§ **Exercise directions**: Restate word for word the section of the entries that opens at the line containing "Ariana logo, Ariana contact details" and closes at the line containing "Tech N9ne |", both lines kept, pictures dropped.

§ **Dataset content**:
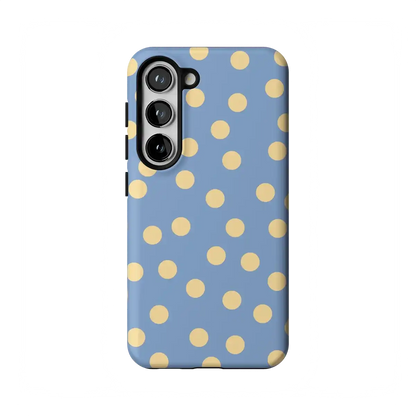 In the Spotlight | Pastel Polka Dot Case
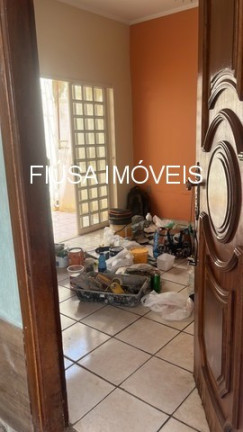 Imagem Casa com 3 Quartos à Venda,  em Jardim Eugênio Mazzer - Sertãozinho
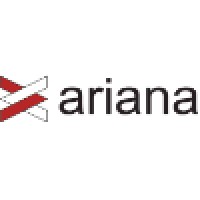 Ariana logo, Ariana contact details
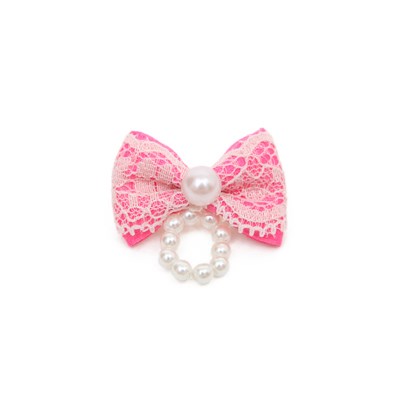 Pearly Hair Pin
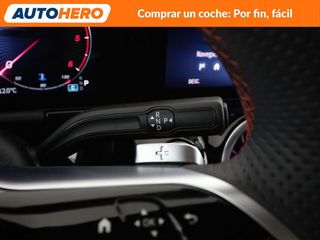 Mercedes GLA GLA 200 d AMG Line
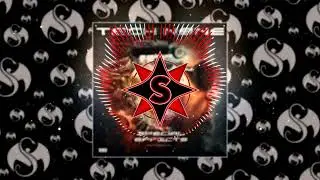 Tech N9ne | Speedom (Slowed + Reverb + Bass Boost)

...

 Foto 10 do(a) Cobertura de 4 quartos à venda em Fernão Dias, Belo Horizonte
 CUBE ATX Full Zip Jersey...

* * *

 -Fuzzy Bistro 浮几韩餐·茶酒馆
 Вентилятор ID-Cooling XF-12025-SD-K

§ **Exercise answer**:
 Ariana logo, Ariana contact details
 Pearly Hair Pin
 Mercedes GLA GLA 200 d AMG Line
 Tech N9ne | Speedom (Slowed + Reverb + Bass Boost)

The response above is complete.